* _What you are asked to do_:
Exactly as written, copy the lines of the data below from the first through the one containing "白色背景上的部分圣诞树和彩色礼盒。照片摄影图片".

* _Supplied data_:
=====
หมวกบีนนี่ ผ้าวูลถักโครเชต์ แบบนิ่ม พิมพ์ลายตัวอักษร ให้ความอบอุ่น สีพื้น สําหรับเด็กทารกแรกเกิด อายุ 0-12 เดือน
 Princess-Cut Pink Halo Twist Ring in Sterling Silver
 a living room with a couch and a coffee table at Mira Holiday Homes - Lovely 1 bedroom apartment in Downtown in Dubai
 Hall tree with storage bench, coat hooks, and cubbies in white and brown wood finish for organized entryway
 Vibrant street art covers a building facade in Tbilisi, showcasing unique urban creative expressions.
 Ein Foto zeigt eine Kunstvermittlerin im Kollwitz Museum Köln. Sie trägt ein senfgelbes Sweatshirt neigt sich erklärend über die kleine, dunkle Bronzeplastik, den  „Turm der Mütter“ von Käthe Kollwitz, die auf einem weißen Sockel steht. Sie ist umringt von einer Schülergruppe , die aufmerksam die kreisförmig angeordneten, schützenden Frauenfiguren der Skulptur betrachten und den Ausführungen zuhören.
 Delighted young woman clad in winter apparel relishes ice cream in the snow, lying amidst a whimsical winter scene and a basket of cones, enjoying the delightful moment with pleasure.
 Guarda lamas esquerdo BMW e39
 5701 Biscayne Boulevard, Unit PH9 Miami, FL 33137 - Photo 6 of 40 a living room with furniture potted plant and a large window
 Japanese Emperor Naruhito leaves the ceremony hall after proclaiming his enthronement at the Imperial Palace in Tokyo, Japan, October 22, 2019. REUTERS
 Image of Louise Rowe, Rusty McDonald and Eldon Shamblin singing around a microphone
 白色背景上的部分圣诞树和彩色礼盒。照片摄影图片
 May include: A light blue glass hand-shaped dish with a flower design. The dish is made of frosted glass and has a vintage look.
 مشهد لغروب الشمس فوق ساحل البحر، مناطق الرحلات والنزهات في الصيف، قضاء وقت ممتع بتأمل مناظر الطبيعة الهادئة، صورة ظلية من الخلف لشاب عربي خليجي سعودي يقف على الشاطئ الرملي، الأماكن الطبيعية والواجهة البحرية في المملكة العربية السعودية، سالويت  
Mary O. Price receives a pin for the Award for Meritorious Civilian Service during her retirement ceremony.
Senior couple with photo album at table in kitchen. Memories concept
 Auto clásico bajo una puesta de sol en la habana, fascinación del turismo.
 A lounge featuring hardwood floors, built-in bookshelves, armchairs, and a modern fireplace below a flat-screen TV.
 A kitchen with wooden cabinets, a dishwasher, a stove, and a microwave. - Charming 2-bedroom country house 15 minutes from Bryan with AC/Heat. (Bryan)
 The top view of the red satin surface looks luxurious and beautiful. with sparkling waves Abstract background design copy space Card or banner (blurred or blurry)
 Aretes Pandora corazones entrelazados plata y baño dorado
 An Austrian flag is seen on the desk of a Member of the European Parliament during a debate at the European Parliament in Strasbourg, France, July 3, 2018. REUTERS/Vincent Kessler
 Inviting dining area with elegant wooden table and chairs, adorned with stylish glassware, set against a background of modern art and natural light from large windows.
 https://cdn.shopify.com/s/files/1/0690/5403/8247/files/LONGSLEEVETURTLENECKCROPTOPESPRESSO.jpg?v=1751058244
=====
* _Exercise answer_:
หมวกบีนนี่ ผ้าวูลถักโครเชต์ แบบนิ่ม พิมพ์ลายตัวอักษร ให้ความอบอุ่น สีพื้น สําหรับเด็กทารกแรกเกิด อายุ 0-12 เดือน
 Princess-Cut Pink Halo Twist Ring in Sterling Silver
 a living room with a couch and a coffee table at Mira Holiday Homes - Lovely 1 bedroom apartment in Downtown in Dubai
 Hall tree with storage bench, coat hooks, and cubbies in white and brown wood finish for organized entryway
 Vibrant street art covers a building facade in Tbilisi, showcasing unique urban creative expressions.
 Ein Foto zeigt eine Kunstvermittlerin im Kollwitz Museum Köln. Sie trägt ein senfgelbes Sweatshirt neigt sich erklärend über die kleine, dunkle Bronzeplastik, den  „Turm der Mütter“ von Käthe Kollwitz, die auf einem weißen Sockel steht. Sie ist umringt von einer Schülergruppe , die aufmerksam die kreisförmig angeordneten, schützenden Frauenfiguren der Skulptur betrachten und den Ausführungen zuhören.
 Delighted young woman clad in winter apparel relishes ice cream in the snow, lying amidst a whimsical winter scene and a basket of cones, enjoying the delightful moment with pleasure.
 Guarda lamas esquerdo BMW e39
 5701 Biscayne Boulevard, Unit PH9 Miami, FL 33137 - Photo 6 of 40 a living room with furniture potted plant and a large window
 Japanese Emperor Naruhito leaves the ceremony hall after proclaiming his enthronement at the Imperial Palace in Tokyo, Japan, October 22, 2019. REUTERS
 Image of Louise Rowe, Rusty McDonald and Eldon Shamblin singing around a microphone
 白色背景上的部分圣诞树和彩色礼盒。照片摄影图片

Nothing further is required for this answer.